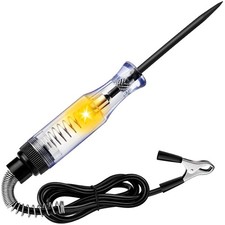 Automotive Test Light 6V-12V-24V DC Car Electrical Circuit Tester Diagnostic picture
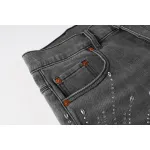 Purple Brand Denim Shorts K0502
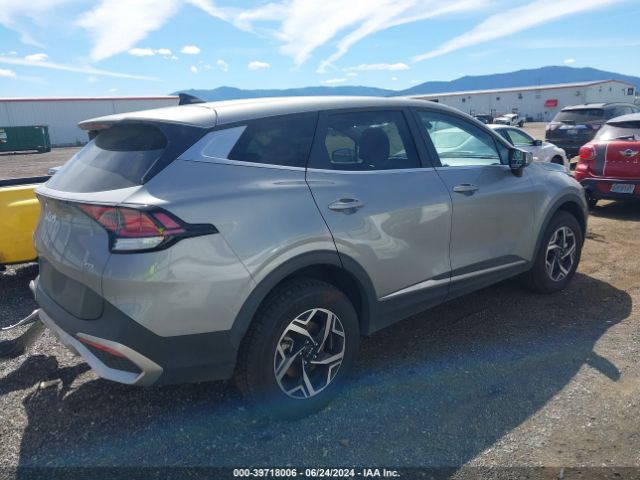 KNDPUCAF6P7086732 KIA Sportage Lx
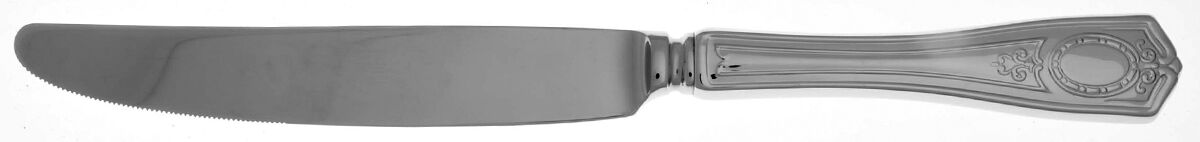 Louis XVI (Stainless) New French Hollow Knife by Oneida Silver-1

...

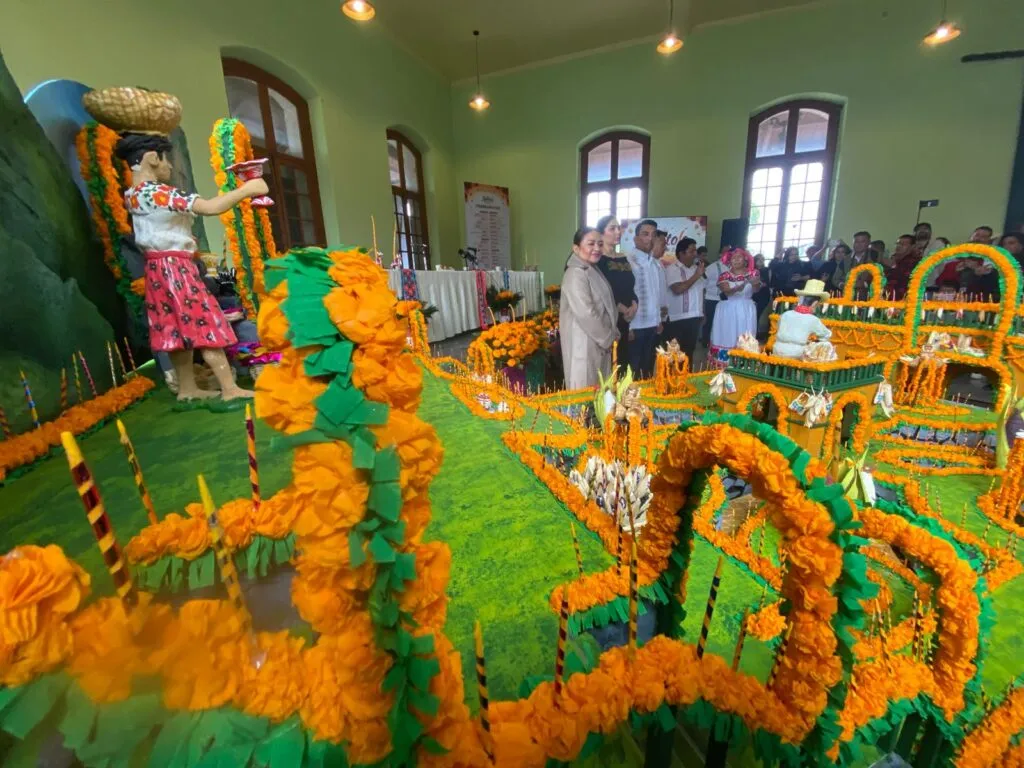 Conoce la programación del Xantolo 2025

* * *

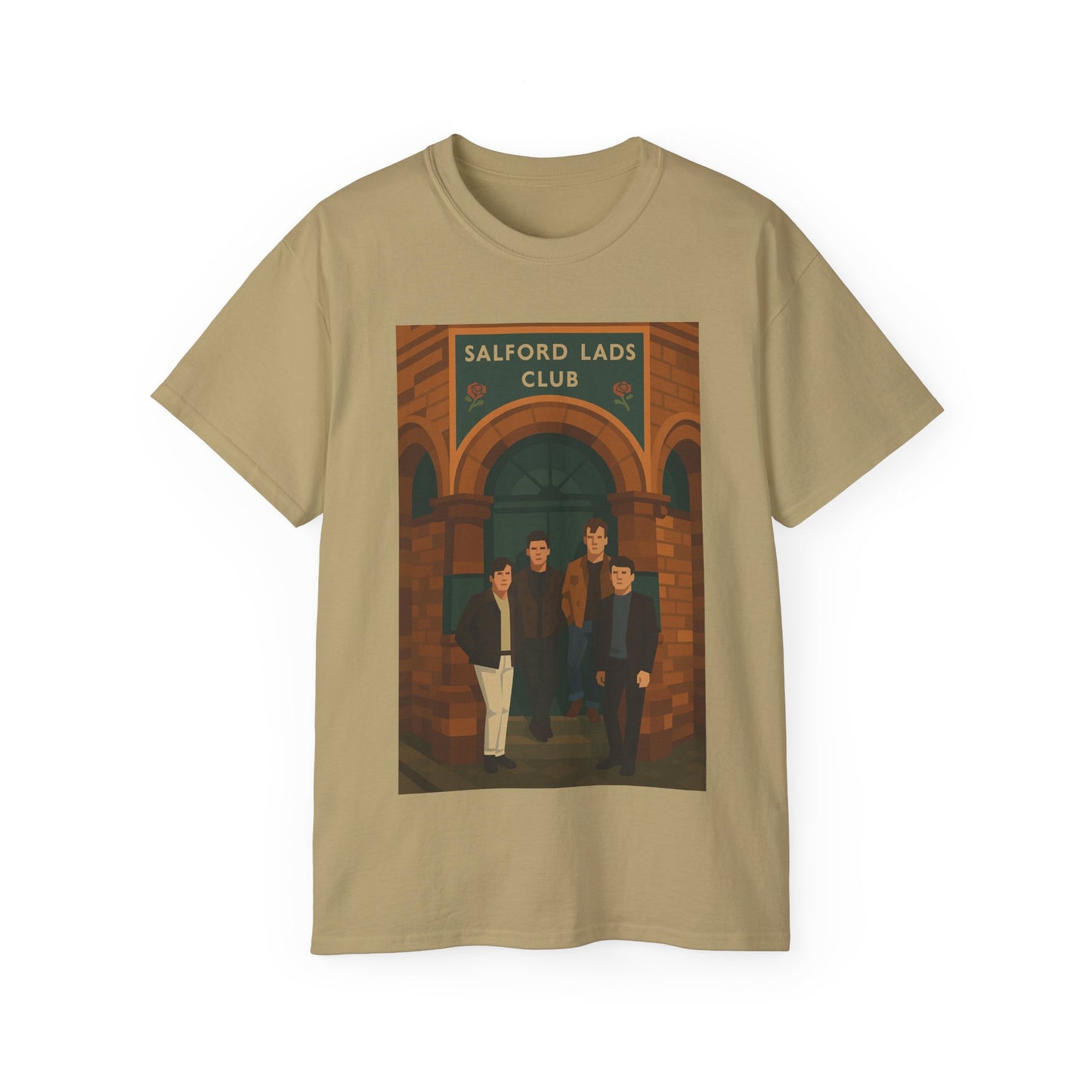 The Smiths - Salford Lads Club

Exercise goal => Once the line with "Purple Brand Denim Shorts K0502" is found above, print it and every line after it through the line with "Louis XVI (Stainless)", exactly. Pictures stay out.

Answer to this task =>
 Purple Brand Denim Shorts K0502
 KNDPUCAF6P7086732 KIA Sportage Lx
 Louis XVI (Stainless) New French Hollow Knife by Oneida Silver-1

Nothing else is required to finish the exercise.